This is a really useful context for exploring physicalism, thanks for posting. One question to start with: We all have an idea what physicalism is, but as you point out, there are many varieties, some more stringent than others. Your three criticisms of the central tenets suggest a good-enough definition of how you’re using “physicalism,” but I’d like to get clearer on exactly how you think of it.
In particular, it’s a crucial point whether physicalism has to declare by fiat that
anything that exists or happens has a lawlike physical basis, thus in effect relabeling what most of us would call “non-physical” in ordinary circumstances.
@Leontiskos mentioned Nagel’s
The Last Word, and as usual Nagel puts it well: “I [want to] interpret the concept of ‛physics’ restrictively enough so that the laws of physics by themselves will not explain the presence of . . . thinking beings in the space of natural possibilities.
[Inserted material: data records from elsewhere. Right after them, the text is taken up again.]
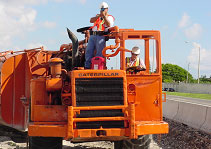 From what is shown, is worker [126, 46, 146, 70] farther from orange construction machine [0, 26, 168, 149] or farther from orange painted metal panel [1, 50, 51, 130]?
orange painted metal panel [1, 50, 51, 130]

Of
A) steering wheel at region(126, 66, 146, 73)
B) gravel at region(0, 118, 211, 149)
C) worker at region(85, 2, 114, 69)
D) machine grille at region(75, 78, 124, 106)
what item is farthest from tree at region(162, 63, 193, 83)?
machine grille at region(75, 78, 124, 106)

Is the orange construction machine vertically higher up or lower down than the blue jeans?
lower down

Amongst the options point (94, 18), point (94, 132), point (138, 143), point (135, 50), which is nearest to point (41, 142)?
point (94, 132)

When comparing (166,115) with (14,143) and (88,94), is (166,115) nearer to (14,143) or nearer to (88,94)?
(14,143)

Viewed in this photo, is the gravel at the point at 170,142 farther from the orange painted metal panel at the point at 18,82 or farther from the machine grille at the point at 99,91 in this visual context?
the machine grille at the point at 99,91

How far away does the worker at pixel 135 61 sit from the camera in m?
8.11

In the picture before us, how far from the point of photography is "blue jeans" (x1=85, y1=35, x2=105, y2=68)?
328 inches

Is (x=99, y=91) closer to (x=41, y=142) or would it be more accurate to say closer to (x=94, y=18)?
(x=41, y=142)

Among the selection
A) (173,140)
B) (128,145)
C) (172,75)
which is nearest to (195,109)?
(173,140)

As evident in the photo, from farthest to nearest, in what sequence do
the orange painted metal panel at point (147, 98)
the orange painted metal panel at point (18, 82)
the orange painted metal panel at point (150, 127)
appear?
the orange painted metal panel at point (18, 82)
the orange painted metal panel at point (147, 98)
the orange painted metal panel at point (150, 127)

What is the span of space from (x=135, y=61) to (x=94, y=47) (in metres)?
0.97

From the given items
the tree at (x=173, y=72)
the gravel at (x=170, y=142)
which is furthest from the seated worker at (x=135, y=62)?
the tree at (x=173, y=72)

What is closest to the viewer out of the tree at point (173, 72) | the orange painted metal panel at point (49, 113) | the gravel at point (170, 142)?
the orange painted metal panel at point (49, 113)

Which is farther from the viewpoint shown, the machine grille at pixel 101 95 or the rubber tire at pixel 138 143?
the rubber tire at pixel 138 143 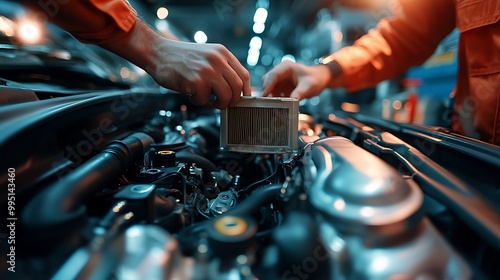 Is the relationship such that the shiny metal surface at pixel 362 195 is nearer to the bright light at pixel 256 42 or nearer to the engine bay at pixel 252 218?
the engine bay at pixel 252 218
Of course, if ‛physics’ just means the most fundamental scientific theory about everything, then it will include any such laws if they exist.” If
that’s all physicalism amounts to, then you’re right, it adds nothing conceptually.
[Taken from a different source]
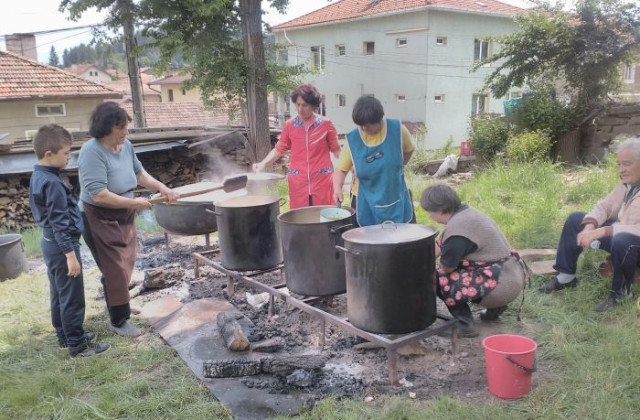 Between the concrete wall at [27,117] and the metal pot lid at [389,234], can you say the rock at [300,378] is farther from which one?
the concrete wall at [27,117]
As we move up the hierarchies of scale, then maybe it makes sense to talk about non-physicalist answers, e.g. what is the nature of the mind. — T Clark
Here’s a fourth, related criticism I would add to your three: Understandably, when we think of physicalism, we think of something connected with the physical sciences, where it has indeed largely “worked so far.” But physicalism is not physics, and the real challenge for physicalism is to explain the lawlike behaviors, if there are such, of the entities studied in psychology, sociology, history, literature – in short, the human sciences. To say that physicalism has worked here would be news to a historian. And if you responded by telling her that her discipline did not produce objective facts and theories, was in short not scientific, she would laugh at you, I hope. My point is that there is a gargantuan explanatory gap between the sorts of things that chemistry can explain and the sorts of things that political science or economics can explain. We can wave our hands and say that “someday” we’ll have a quark-level explanation of the law of supply and demand, but 1) no one believes this, really; 2) it wouldn’t explain what needs explaining; and 3) again, this is something that has definitely not worked so far.
So in order to defend physicalism, I think a philosopher has to argue for why physicalism is
not reductive in the sense just described. And this runs the risk of starting the relabeling process, with entities like “nations” construed as somehow “just physical” because we can devise theories that are lawlike to explain their behavior.